# Ultimate Dubs - Telford 13/3/2011



## CamV6 (Oct 26, 2003)

Right then, its that time of year again........

I got an e-mail from Dean of UD who organises that fantastic event, offering me an indoor club stand.

Speaking to Dani a little while back on PM it was suggested the Events Committee had also been contacted and were sorting something out.

However, I've heard nowt from anyone (not a complaint by me at all) and time is ticking on.

I'd like to sort out another stand for us and/or go again myself and try to win 'Best Stand' trophy again for the 2nd year running.

Can someone please advise whther there are any plans in hand or whether I can go ahead and sort this out for us?

Ta, Cam


----------



## DAZTTC (May 20, 2005)

+1


----------



## CamV6 (Oct 26, 2003)

Look fellas, I dont mean to be rude but could someone give me the courtesy of a response please?

The TTOC ought to be present to defend its 2010 title of 'Club Stand of the Year', its great exposure for us, and its a darn good event.

Time is running very very short now.

Please, Steve, Nick, someone let me know WTF is happening please?!! :wink:


----------



## DAZTTC (May 20, 2005)

CamV6 said:


> Look fellas, I dont mean to be rude but could someone give me the courtesy of a response please?
> 
> The TTOC ought to be present to defend its 2010 title of 'Club Stand of the Year', its great exposure for us, and its a darn good event.
> 
> ...


+1

DAZ


----------



## Nem (Feb 14, 2005)

Far as I know it was all in hand. Last I can find was Steve saying he'd got the form to fill out and send back for the stand.

I've sent him a message to see where we're at with it.
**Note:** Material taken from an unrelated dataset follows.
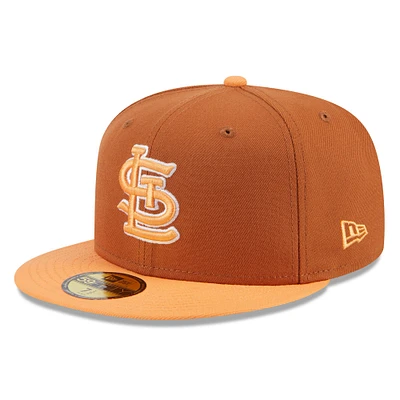 Men's New Era Brown/Orange St. Louis Cardinals Spring Color Basic Two-Tone 59FIFTY Fitted Hat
Just a note, it will be club members only on the stand tho, Cam... 

Nick


----------



## robokn (Feb 21, 2006)

Time is running out and you need decent cars to be on the stand


----------



## audimad (Jan 7, 2008)

Is there a club stand or not?


----------



## Wallsendmag (Feb 12, 2004)

audimad said:


> Is there a club stand or not?


I think so but as Nick has already said Steve is organising it , patience is a virtue young fellow.


----------



## robokn (Feb 21, 2006)

Any News????


----------



## McKenzie (Dec 25, 2008)

I would also like to know what is going on? Seems a bit slack as there is only a month left until this show is on and hotel prices are getting more expensive by the day. I would love to get my car on the stand and think after spending a fair few pennies on it, it will be more than worthy. How many TT's are allowed to go with the club?


----------



## DAZTTC (May 20, 2005)

There are only five places I was one of the five that won the best club stand last year. Seams to me that this years five places have already been sorted??? if not do the TTOC not like winning trophies :? :?: :?:


----------



## audimad (Jan 7, 2008)

We're inside.


----------



## DAZTTC (May 20, 2005)

audimad said:


> We're inside.


nice one with the TTS or one of your other Audi's ?


----------



## robokn (Feb 21, 2006)

I already sorted out my spot and hotel booked can't wait for the TTOC to sort it out
not that I am a member for that reason :roll:


----------



## audimad (Jan 7, 2008)

DAZTTC said:


> audimad said:
> 
> 
> > We're inside.
> ...


Other Audi, got fed up of waiting for the TTOC to make a decision about the stand.


----------



## Nem (Feb 14, 2005)

Right, it seems we've dropped the ball on this one :?

I was understanding the application for the indoor stand had been sorted out, but it seems not. I've already tried to contact the organisers about the mix up and heard nothing back in over a week.

We have however now got a new form to fill out, but as we're quite a way passed the application deadline we've just got to see if they will help us out and fit us in somewhere.

I will update as soon as I know more.


----------